Work item =
Could you retype the lines below, starting at the line holding "(RG-CM88-48GT-H) Ruijie - Carte" and stopping at the line holding "Valentine's Day Heart", inclusive? Copy them exactly and drop the images.

Material to process =
== Segment start ==

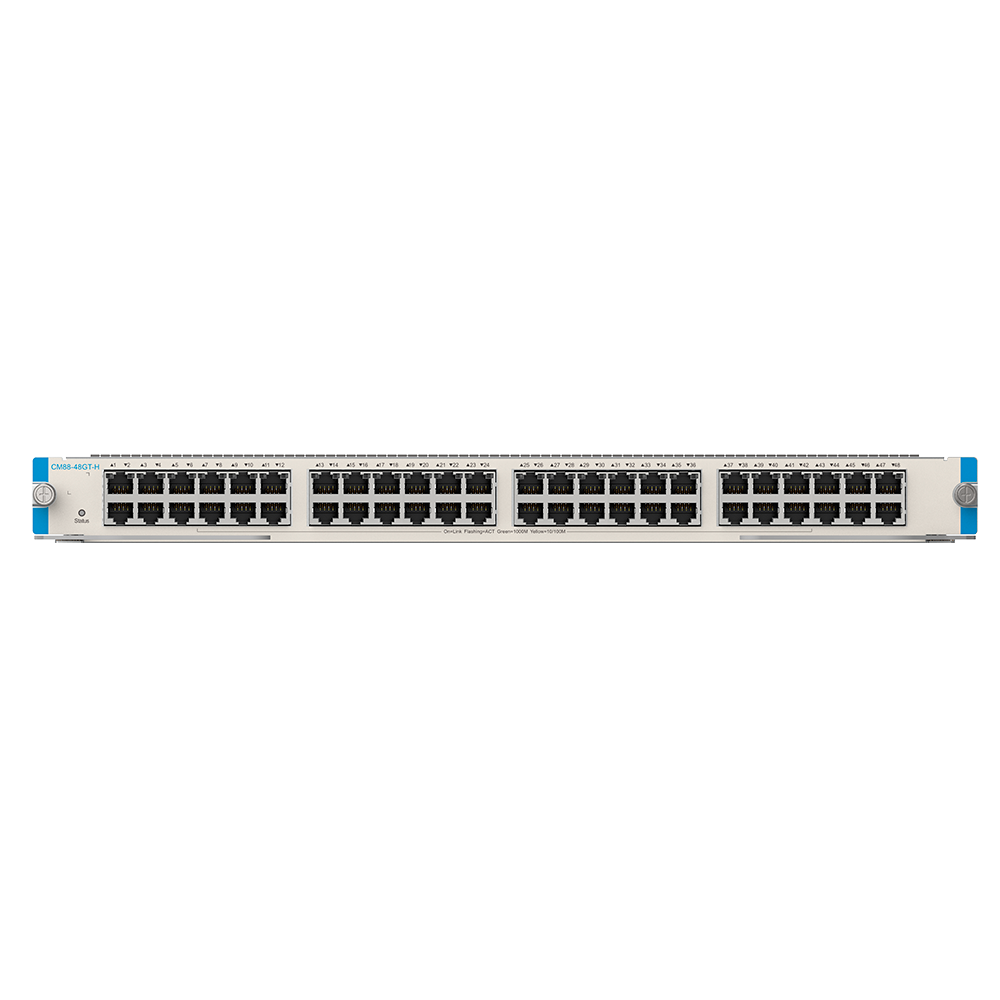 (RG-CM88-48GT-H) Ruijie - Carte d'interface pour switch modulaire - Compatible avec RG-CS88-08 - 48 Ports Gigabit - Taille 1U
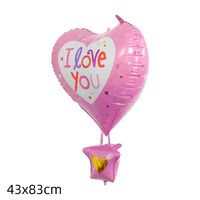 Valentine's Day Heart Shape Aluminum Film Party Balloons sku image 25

== Segment end ==
== Segment start ==

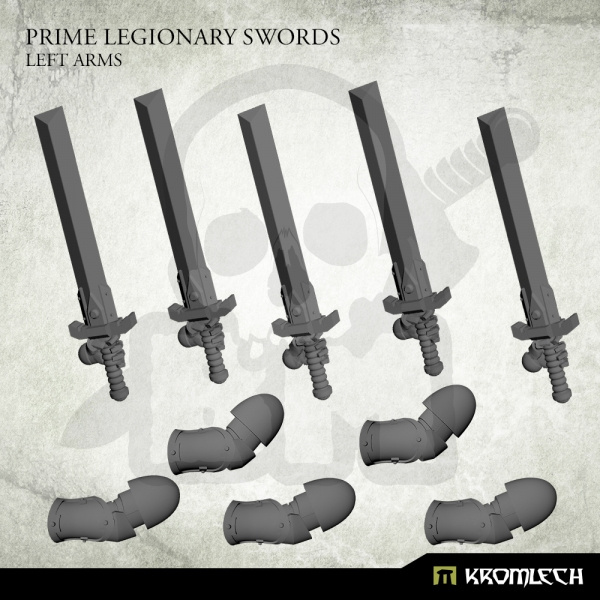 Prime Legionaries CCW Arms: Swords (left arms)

== Segment end ==

Response to this task =
 (RG-CM88-48GT-H) Ruijie - Carte d'interface pour switch modulaire - Compatible avec RG-CS88-08 - 48 Ports Gigabit - Taille 1U
 Valentine's Day Heart Shape Aluminum Film Party Balloons sku image 25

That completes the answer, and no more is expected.